§ Given material:
⟨
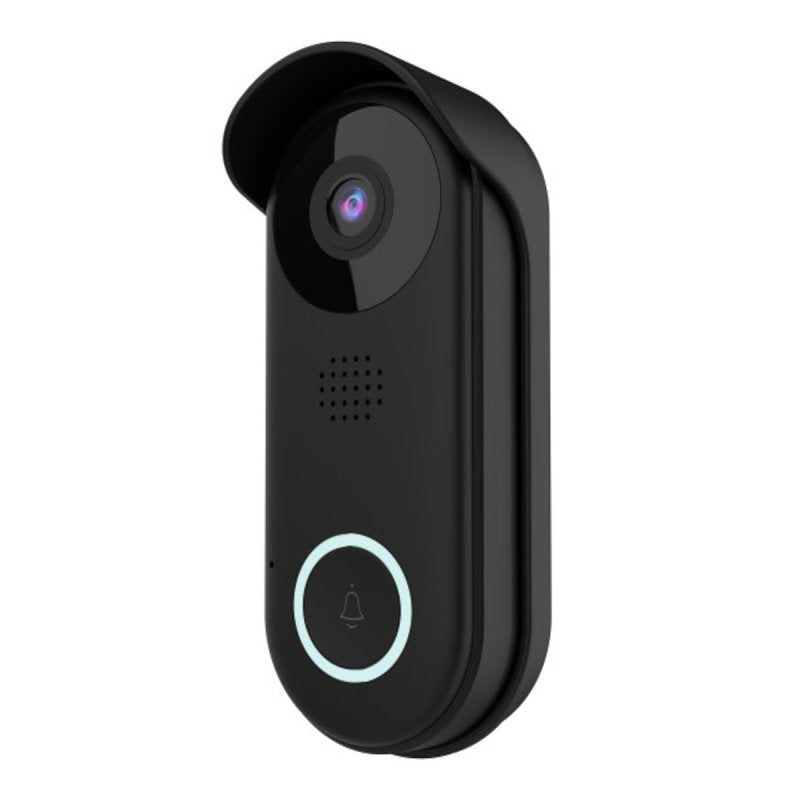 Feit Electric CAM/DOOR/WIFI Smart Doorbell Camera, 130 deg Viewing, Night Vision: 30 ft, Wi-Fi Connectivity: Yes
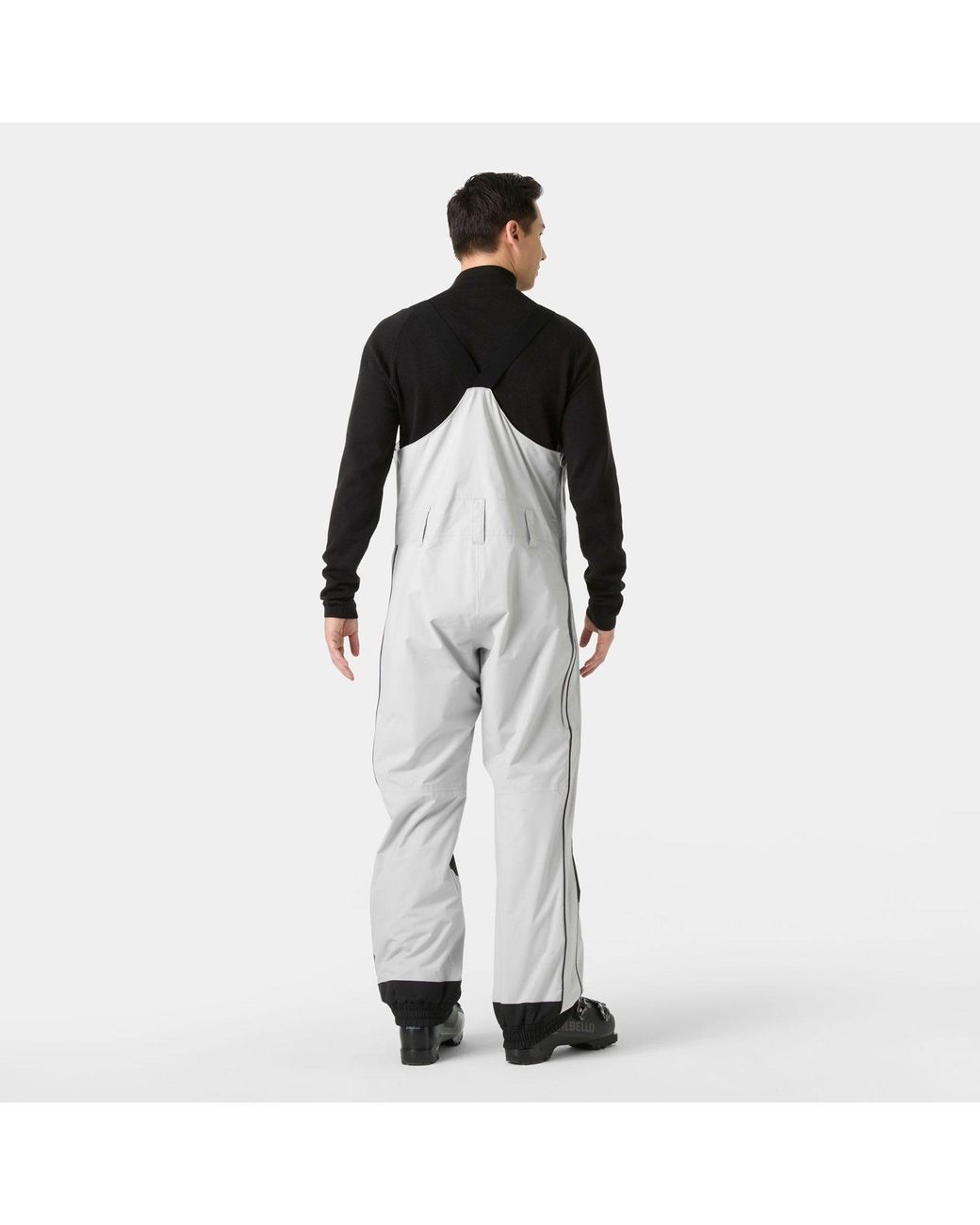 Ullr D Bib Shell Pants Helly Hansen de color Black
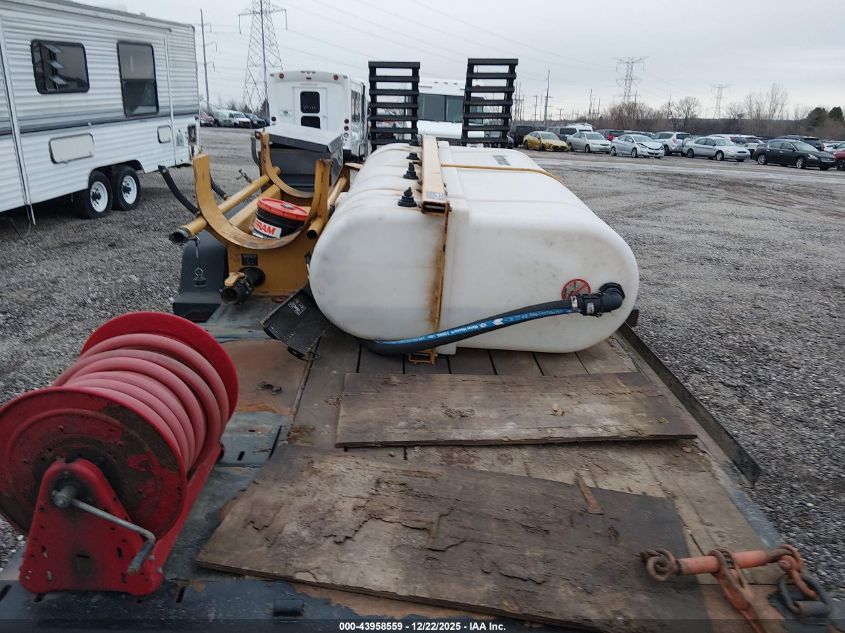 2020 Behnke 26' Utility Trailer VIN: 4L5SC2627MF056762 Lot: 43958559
⟩
§ Instructions for the task:
What should appear is an exact reproduction of the lines from the one with "Ullr D Bib Shell" through the end of the material above, and no pictures.

§ Answer to the exercise:
 Ullr D Bib Shell Pants Helly Hansen de color Black
 2020 Behnke 26' Utility Trailer VIN: 4L5SC2627MF056762 Lot: 43958559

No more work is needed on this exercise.